Bolivian President Evo Morales (C) with the President of Repsol (R), on May 1, 2015. AIZAR RALDES NUNEZ/AFP/Getty Images
Spanish oil and gas company Repsol posted its first-quarter results on Thursday, showing a 5.7% decline in profit from a year ago. Like other big energy firms, it has been hit hard by lower oil prices and high drilling costs, which were only slightly offset by increased income from its refineries. Repsol’s oil pumping and drilling division reported a €190 million ($214 million) loss for the quarter, compared with a €255 million profit a year earlier.
Still, its oil and gas output was up 3.7% on the year, to 354,600 barrels of oil equivalent (BOE), although that was a fall from the previous quarter. Civil unrest and attacks on oil fields in Libya led to shutdowns there in recent months, offsetting its production growth in Brazil, Bolivia, and Peru, according to the Wall Street Journal.
Though, Bolivia is a notable bright spot for Repsol. On May 1, Bolivian President Evo Morales announced that Repsol had discovered a new deposit of natural gas in the country. The new well, named Margarita 7, is predicted to produce 3 million cubic meters of natural gas per day, raising the company’s daily total to 18 million million cubic meters.
Repsol’s reserves and production are doing better than expected in Bolivia, as the company has already met its January 2016 output goals for the country. The company has mining rights to 26 blocks in Bolivia, four of which are exploratory licenses and 22 of which are under development. Its total net production in 2014 was 14.6 million BOE, mainly from the Margarita block, where the new discovery is. The Margarita field is one of four natural gas mega-deposits in Bolivia and contains a third of the country’s total reserves.
With such promise, Margarita is one of Repsol’s ten upstream growth projects detailed in the company’s 2012-2016 Strategic Plan. Repsol invested $100 million in Margarita 7, part of its larger plan starting in 2010 to invest an eventual total of $1.2 billion in the entire gas basin. It is in phase II, and so far the results have been very encouraging. On February 25, the company announced its Margarita 8 well (costing $101 million) contains 300 billion cubic feet of gas (almost 8.5 billion cubic meters) in reserves, and will produce 2 million cubic meters per day. Investment in phase III of the Margarita project is expected to reach $293 million by 2018.
Bolivia nationalized its gas sector in 2006, but the state gas company YPFB conducts much of its operations by contracting private firms like Repsol. Overall Bolivia has been much more receptive to Repsol than Argentina was.The company’s formerly close relationship with the Argentine government deteriorated in a dispute over price-caps and investment levels, culminating in Argentina expropriating Repsol’s majority share of the oil company YPF in 2012. Repsol later received $5 billion in compensation, but definitively ended all of its operations in Argentina and does not intend to return.
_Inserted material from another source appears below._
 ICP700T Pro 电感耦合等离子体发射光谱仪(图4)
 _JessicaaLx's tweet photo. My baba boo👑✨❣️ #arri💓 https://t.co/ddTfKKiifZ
Morales supports Repsol’s efforts to expand gas production, because he needs to ensure Bolivia’s gas exports to neighboring Argentina and Brazil, which generate the largest amount of foreign revenue for the country. For the most part the interests of Repsol and Bolivia coincide, but not always. Morales revealed that the government obliged Repsol to drill much further than the company preferred in the Margarita 8 well—instead of pulling out unsuccessfully at 2,000 meters, it had to continue to 5,000 meters, where it did indeed find a new gas deposit. Problems between these two partners might arise if Bolivia makes such maneuvers a habit.